The concerns about banking came after Citigroup Inc., the biggest U.S. bank, reported that third-quarter results fell 57 percent. The company said it lost more than $3 billion in mortgage-backed security losses, leveraged debt write-downs and fixed-income trading losses.
The bank — along with JPMorgan Chase & Co. and Bank of America Corp. — announced the creation of a fund used to help revive the asset-backed commercial paper market. The fund will buy assets from structured investment vehicles, also known as SIVs, which buy corporate bonds and subprime mortgage debt. The bailout was orchestrated by the Treasury Department to avoid a fire sale in the market.
"It's a reminder that this problem never was entirely put to bed. There may be financial institutions out there than are in more trouble than we thought they were," said Aaron Gurwitz, co-head of portfolio strategy at Lehman Brothers Investment Management, referring to concerns about bad debt. He also noted that Monday's session wasn't unusual given the back-and-forth moves in the major indexes in recent sessions.
According to preliminary calculations, the Dow fell 108.28, or 0.77 percent, to 13,984.80.
Broader stock indicators also declined. The S&P 500 index fell 13.09, or 0.84 percent, to 1,548.71, and the Nasdaq composite index fell 25.63, or 0.91 percent, to 2,780.05.
Bonds fell following a better-than-expected economic regional economic reading in New York. The yield on the benchmark 10-year Treasury note rose to 4.68 percent from 4.65 percent late Friday. The dollar was mixed against most other major currencies, while gold prices rose.
Light, sweet crude rose to record levels, crossing $85 per barrel for the first time and rising as high as $86.22 in trading. Oil settled up $2.44 at $86.13 per barrel on the New York Mercantile Exchange as after the Organization of Petroleum Exporting Countries said crude production by countries that aren't OPEC members is probably falling despite rising demand.
The week's economic calendar is light, putting more of the focus on quarterly results. On Monday, the New York Empire State Index — a regional economic indicator published by the Federal Reserve Bank of New York — came in better than expected for October.
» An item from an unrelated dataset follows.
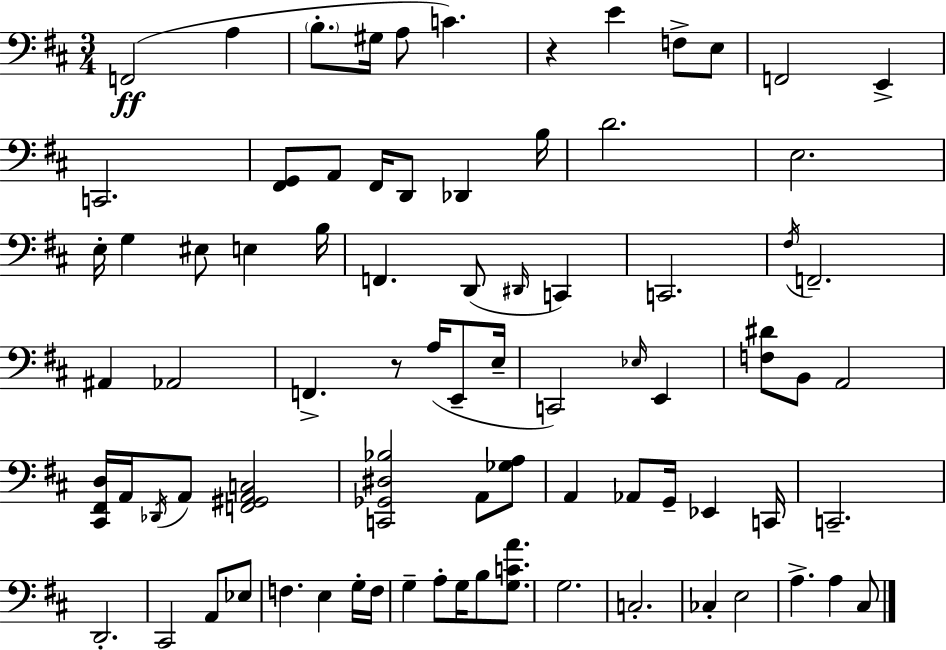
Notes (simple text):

F2/h A3/q B3/e. G#3/s A3/e C4/q. R/q E4/q F3/e E3/e F2/h E2/q C2/h. [F#2,G2]/e A2/e F#2/s D2/e Db2/q B3/s D4/h. E3/h. E3/s G3/q EIS3/e E3/q B3/s F2/q. D2/e D#2/s C2/q C2/h. F#3/s F2/h. A#2/q Ab2/h F2/q. R/e A3/s E2/e E3/s C2/h Eb3/s E2/q [F3,D#4]/e B2/e A2/h [C#2,F#2,D3]/s A2/s Db2/s A2/e [F2,G#2,A2,C3]/h [C2,Gb2,D#3,Bb3]/h A2/e [Gb3,A3]/e A2/q Ab2/e G2/s Eb2/q C2/s C2/h. D2/h. C#2/h A2/e Eb3/e F3/q. E3/q G3/s F3/s G3/q A3/e G3/s B3/e [G3,C4,A4]/e. G3/h. C3/h. CES3/q E3/h A3/q. A3/q C#3/e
The index rose to 28.75 from September's 14.70.
Investors are keeping tabs on corporate and economic data as they try to determine how well corporate profits will fare.
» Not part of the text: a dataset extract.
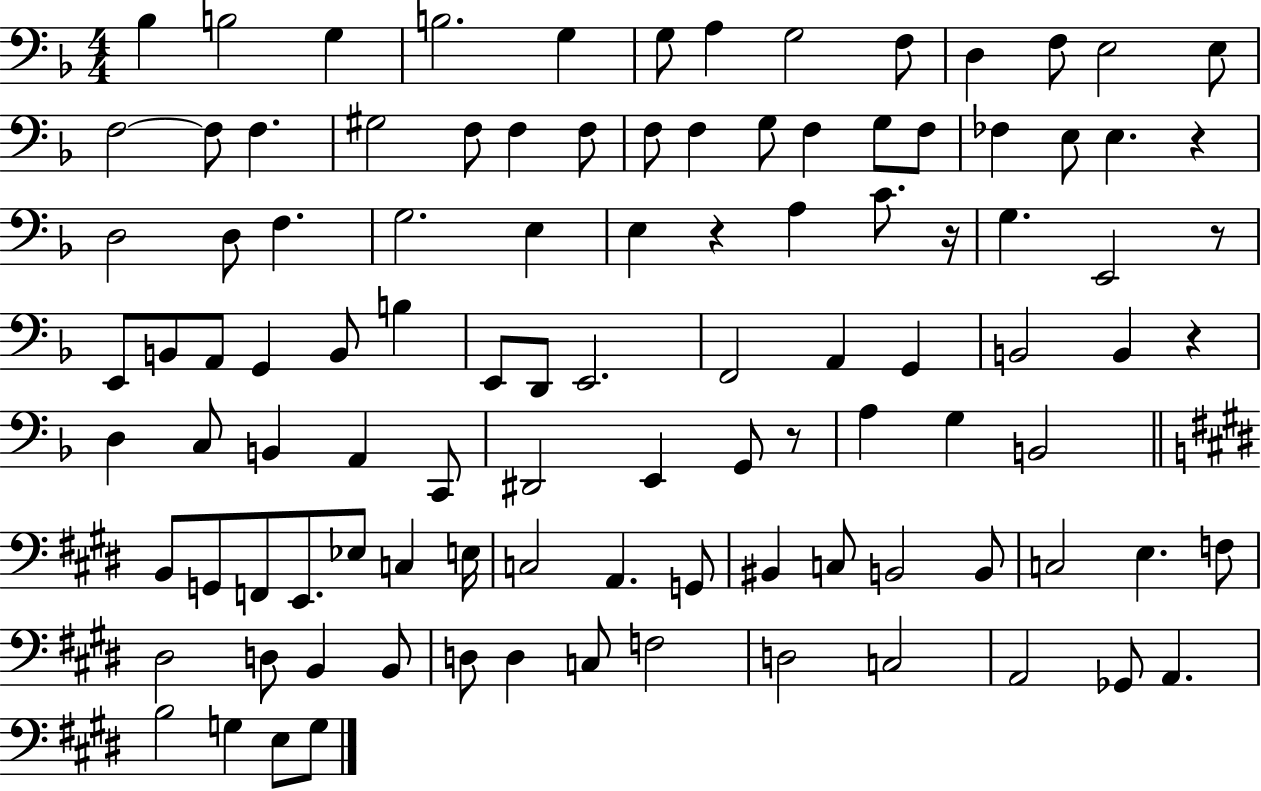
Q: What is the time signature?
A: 4/4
"All those guys are tempering their expectations because the economy is slowing," said Thomas Nyheim, vice president and portfolio manager at Christiana Bank & Trust Co., referring to Wall Street's estimation for moderate growth in third-quarter profits.
The concerns over soured loans drew comments from Treasury Secretary Henry Paulson, who said in a speech Monday that the troubles with SIVs might require regulators to step in to stave off future problems, according to Dow Jones Newswires.
Wall Street's unease Monday follows a period of calm after worries about the credit markets roiled markets around the world over the summer. During August and into September, investors were concerned that mortgages made to borrowers with poor credit that had been bundled together and sold off as investments would resurface and cause widespread losses. Indeed, some hedge funds and other investment vehicles worldwide that held subprime debt succumbed to the soured loans. It wasn't until the Fed stepped in with reductions in short-term interest rates and the rates it charges to loan to banks that the credit markets began to show signs of recovery.
Citigroup fell $1.63, or 3.4 percent, to $46.24 after the bank raised its loan-loss provisions by $2.24 billion — a higher amount than it estimated a week ago — amid expectations of further deterioration in consumer credit. The bank also said it would delay repurchases of its shares.
Medtronic Inc. fell $6.33, or 11 percent, to $50 after the company said it suspended sales of its Sprint Fidelis defibrillation leads because of risk they could break.
Biogen Idec Inc. jumped $13.08, or 19 percent, to $82.51 after the company said it may sell itself and that it has drawn interest from potential buyers.
Declining issues outnumbered advancers by about 8 to 3 on the New York Stock Exchange, where volume came to 1.29 billion shares compared with 1.06 billion shares traded Friday.
The Russell 2000 index of smaller companies fell 11.81, or 1.40 percent, to 829.36.
Overseas, Japan's Nikkei stock average closed up 0.16 percent. Britain's FTSE 100 fell 1.28 percent, Germany's DAX index fell 0.89 percent, and France's CAC-40 fell 0.62 percent.